Emprender o no emprender.
¿Qué tipo de conductor eres?

La vida es como circular con un coche. Vas avanzando, conociendo los caminos, pero tarde o temprano acabas en un atasco. El trabajador por cuenta ajena permanece en la cola, disfrutando la espera escuchando música, aprovechando el tiempo realizando las llamadas oportunas o quejándose y maldiciendo. El emprendedor busca un atajo. Busca una forma de saltarse el tapón.
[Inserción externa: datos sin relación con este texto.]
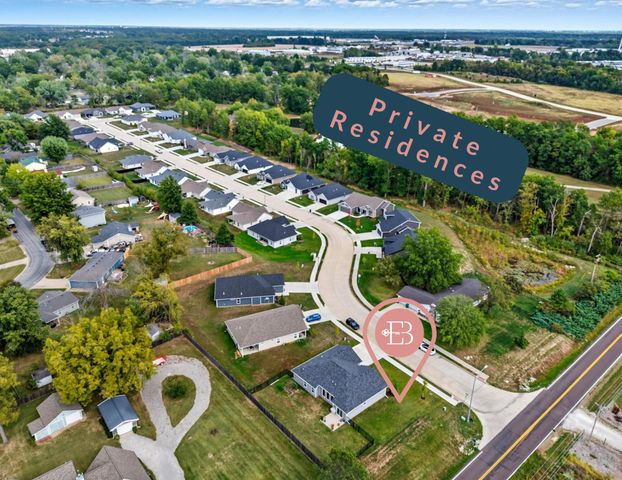 25 N LUNA LN, Columbia, MO 65201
En su apuesta, puede que dé con el callejón que lo lleva donde quiere o que quede atrapado en una calle cortada o una cola peor. Independientemente del resultado, está aprendiendo mucho más sobre su alrededor que el que sigue parado. Y vuelvo una vez más. Buscar una salida no es difícil, lo difícil es volver donde estabas. Los demás conductores te mirarán mal por haber querido destacar, algunos incluso pondrán su coche en medio para no dejarte pasar, y tendrás que esperar hasta que alguien generoso —o desconocido— te vuelva dejar a entrar. Eso sí, si lo hubieras conseguido, otros te seguirían. Así es esta gran masa que llamamos sociedad: se sube al carro de tu éxito rápidamente, pero cierra sus puertas con maderas si tratas de entrar con un letrero donde pone fracaso.
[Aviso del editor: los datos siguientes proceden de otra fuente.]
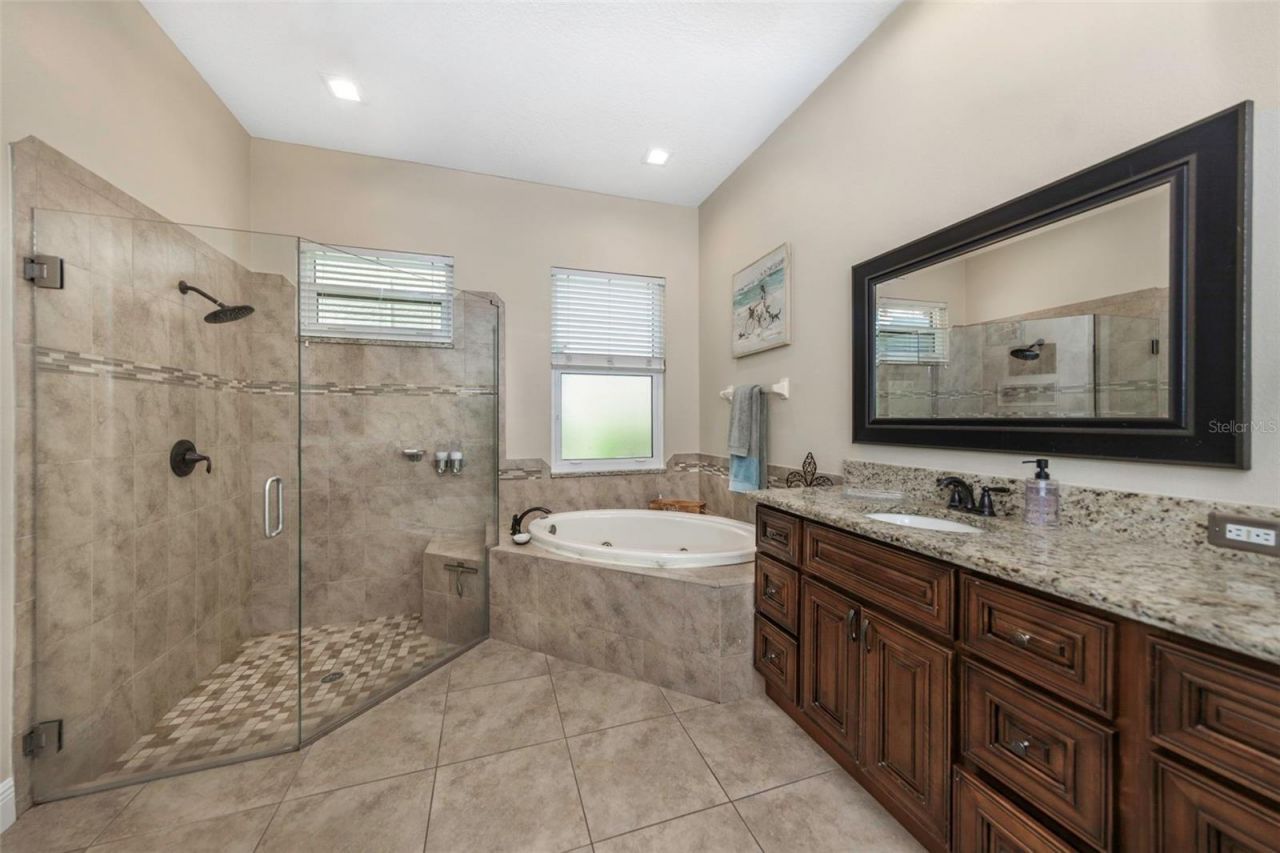 10422 Greendale Drive, Tampa, FL 33626 Photo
Emprender no es difícil, sólo necesitas fortaleza y resistencia mental. Lo mismo que para subir una montaña. Siempre que se emprende se usa el eufemismo de que el motivo originario más profundo de tu ser es ayudar a los demás. Y seguramente haya casos así, pero una razón de peso —que parece que sea un sacrilegio decirla— es demostrar tu valía, no a nadie, sino a ti mismo. Exactamente la misma razón que empuja a muchos a subir y escalar a la cima de una montaña.

¿Llegar a la cima es conseguir el éxito?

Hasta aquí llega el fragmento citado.